Hacker News new | ask | show | jobs
by waf 3723 days ago
I'm really interested in BEAM languages, but the fault-tolerance / supervisor aspect of it doesn't speak to me. Aren't all modern application fault-tolerant, as long as you don't design something really poorly?

For example, I've never had a single HTTP request bring down an entire website -- that's already isolated. Same with message-queue listening processes. For general batch applications, I've always had them short-lived and running periodically, e.g. every minute, so even a complete crash there is isolated between runs.

One powerful aspect is how it strongly encourages you to design loosely-coupled message-passing systems that should be easier to scale out. But I'm not convinced that's enough to warrant a switch.

5 comments

Erlang's fault-tolerance becomes really useful when you wrote a server that manage hundreds of thousands of simultaneous connections (a chat server being the typical example). With Erlang, each connection is managed by its own lightweight process (no callbacks, no promises, etc.). If a lightweight process fails, it doesn't bring down the other processes.
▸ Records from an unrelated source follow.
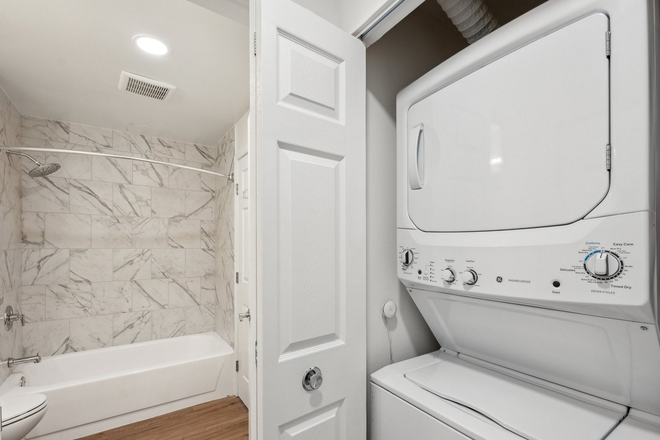 Washer/Dryer and Bathroom - Vaughan Place Apartments
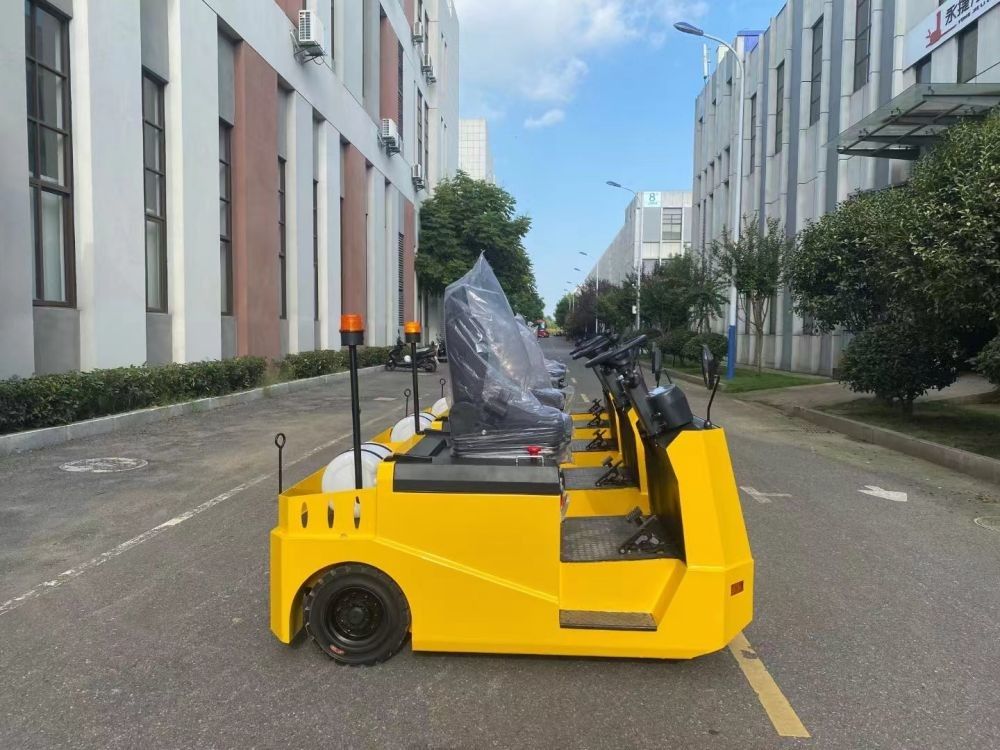 7.0 Ton Tow Tractor Electric Seat Driving Three Point Four Wheel Structure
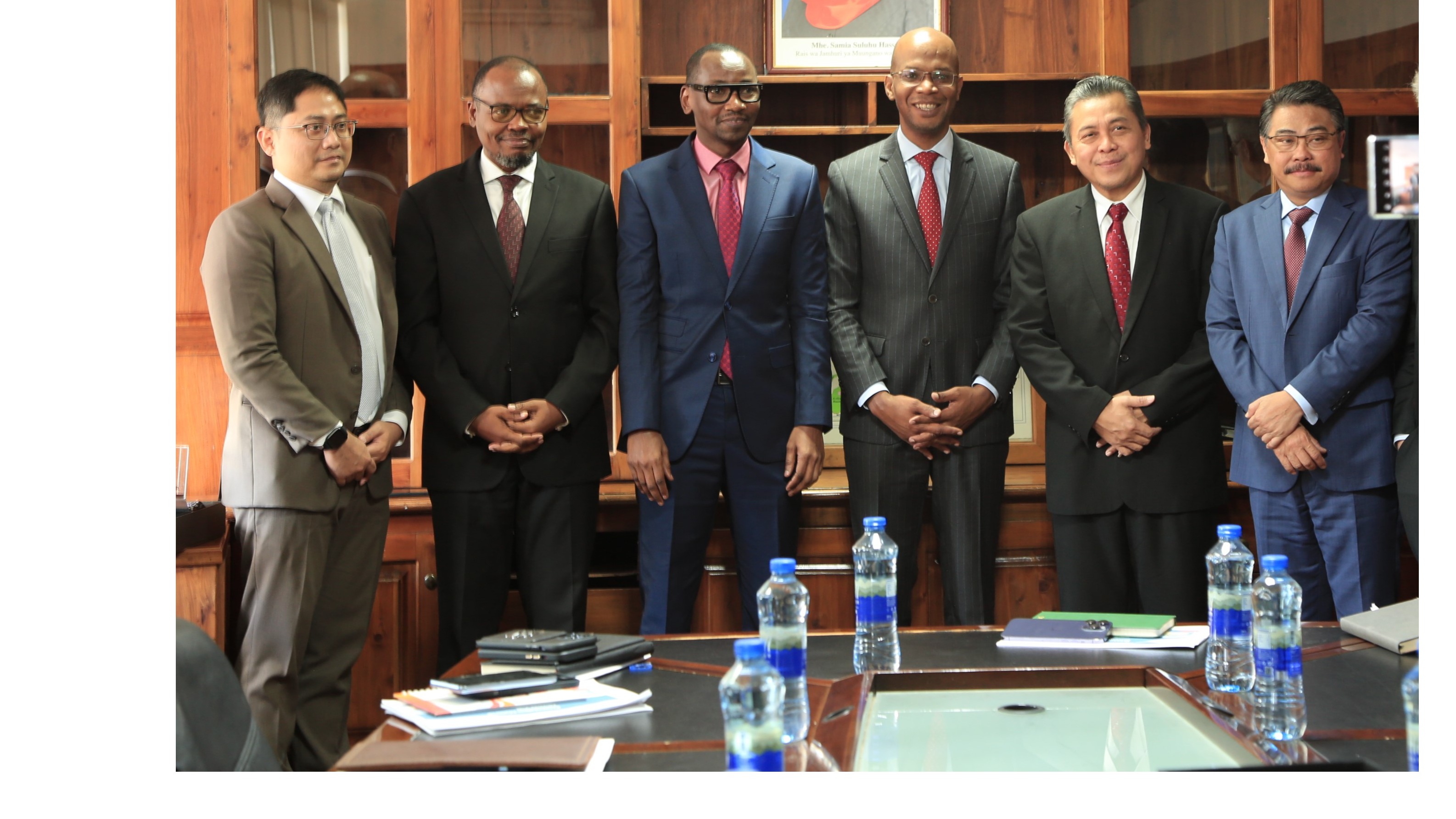 ​Makamba akutana na Viongozi waandamiziw...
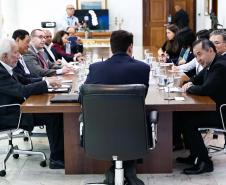 Ratinho Junior recebe embaixador do Japão em primeira visita ao Paraná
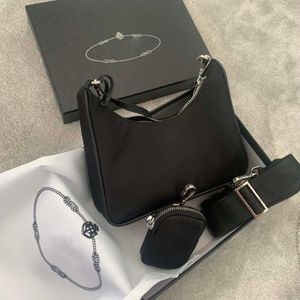 Messenger Bag Moda Couro Pochette Pochette Saddle ombro Metal Chain Chain Wallet Ladies Luxury Bandbag Chain Nylon Black 251n
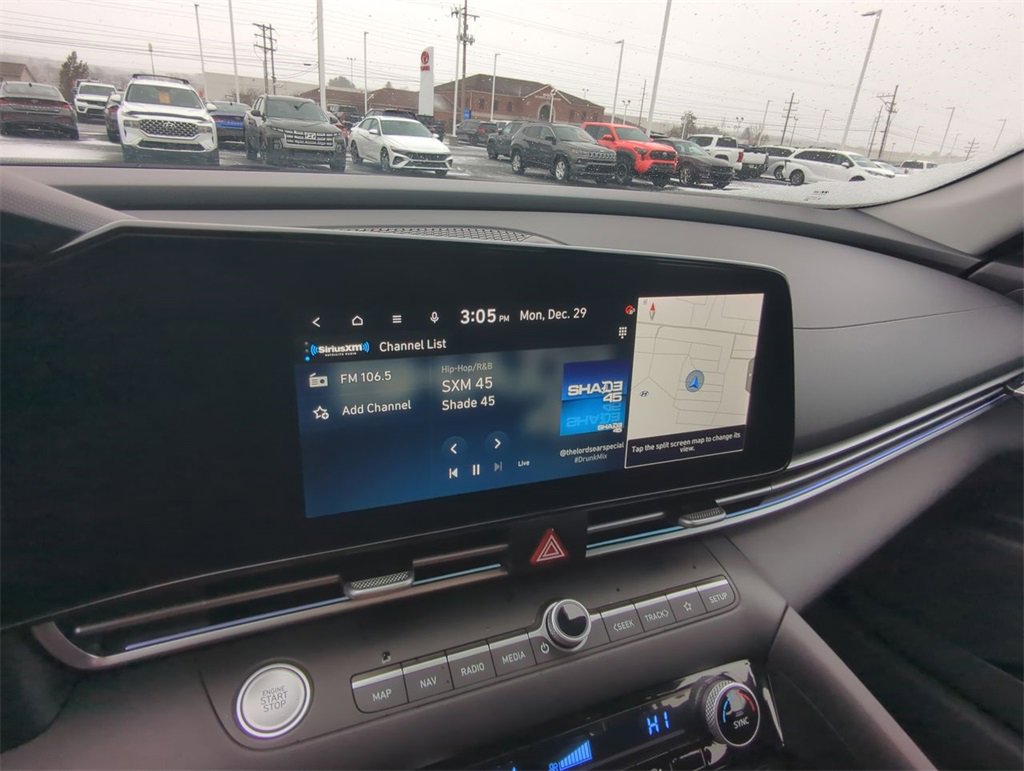 Used 2024 Hyundai Elantra SEL image 22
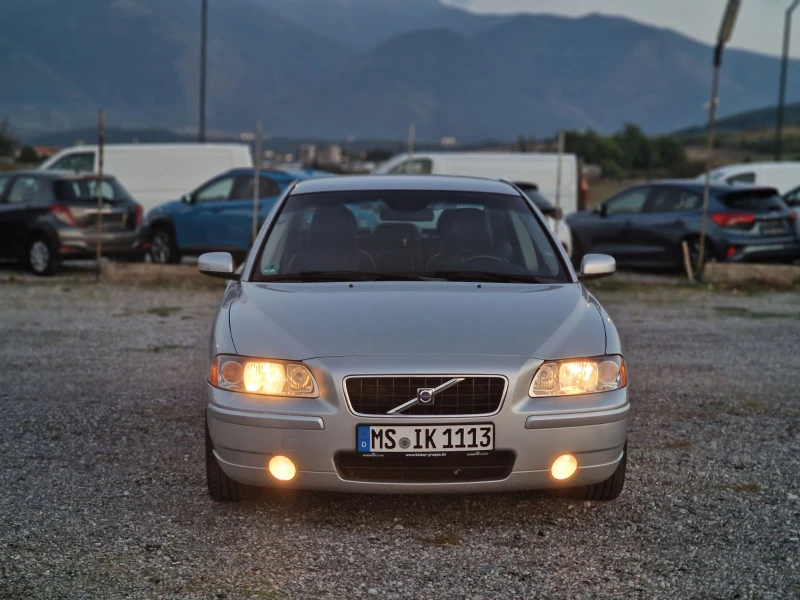 Volvo S60 2.4, снимка 8 - Автомобили и джипове - 47331076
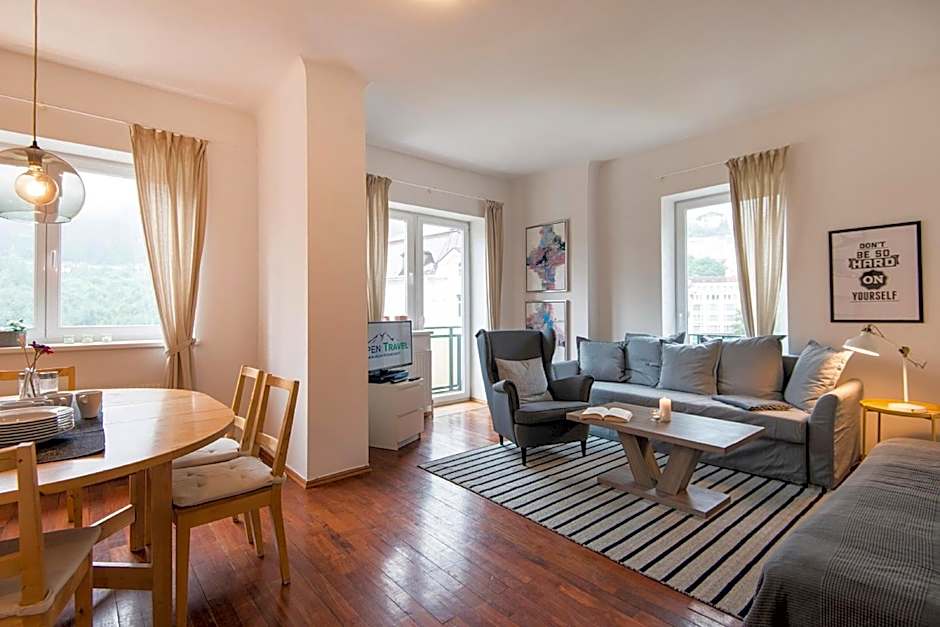 Residenz Lothringen by AlpenTravel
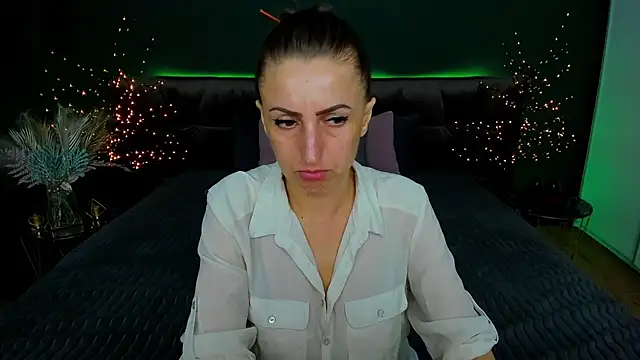 Rebecca Diamond online show from 24, 2, 2025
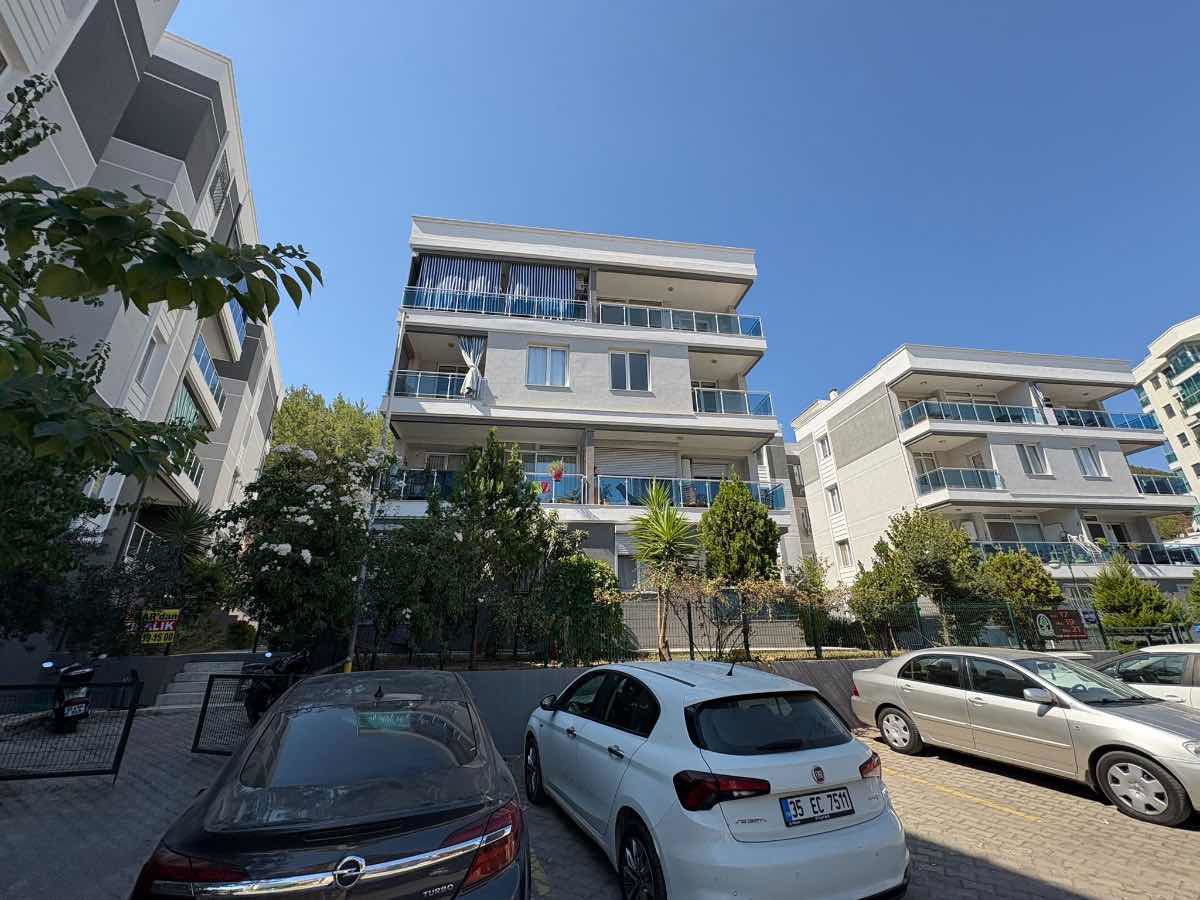 BALÇOVA TELEFERİH MAH'DE SİTE İÇERSİNDE İÇİ YENİLENMİŞ KİRALIK 3+1 DUBLEKS DAİRE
Moreover, BEAM can signal other processes about the failed process (Erlang' supervision trees are based on this mechanism).

In a traditional architecture, you would use one thread for each connection (let's ignore the issue of the memory used by each thread), but when one thread fails, it would bring down all connections instead of just the failing one.

It's more so, you don't need to write defensive code and you're actively encouraged not to... The mantra is akin to "let it fail, it will recover."

Once you start doing it, it becomes more apparent what the difference is... And that's not to say you can't design fault tolerant systems, it's just "easier" to do so with Erlang/BEAM.

How fault-tolerant is your web server when datacenter has power outage? You can't build fault-tolerant system with one computing node by definition.

That means that if you planning to provide proper availability you want to work with system of applications, not just one. That means you should look into creating networking architecture that can handle all of that.

Most of the time it means that people just use tools that solve that for you, like load balancers. But it doesn't mean that somehow all modern applications are immune to failures.

The fault tolerance allow you to have processes and state to be available reliably for longer than the duration of a HTTP request.

You can have continuously running processes without relying on something outside of the language. You can more easily distribute such code as an Elixir package. The code can work without relying on e.g. cron or redis being available and configured.

So a side effect of the fault tolerance is that you can also easily redeploy small parts of your app. So if you have a small logic bug, you can circumvent bringing down the entire app to fix it.

There's also some more serious stuff like your workers getting killed by the OS for whatever reason and you might need to go in and restart it.

You can do this through most queue-based systems in other languages but having everything be built-in is useful.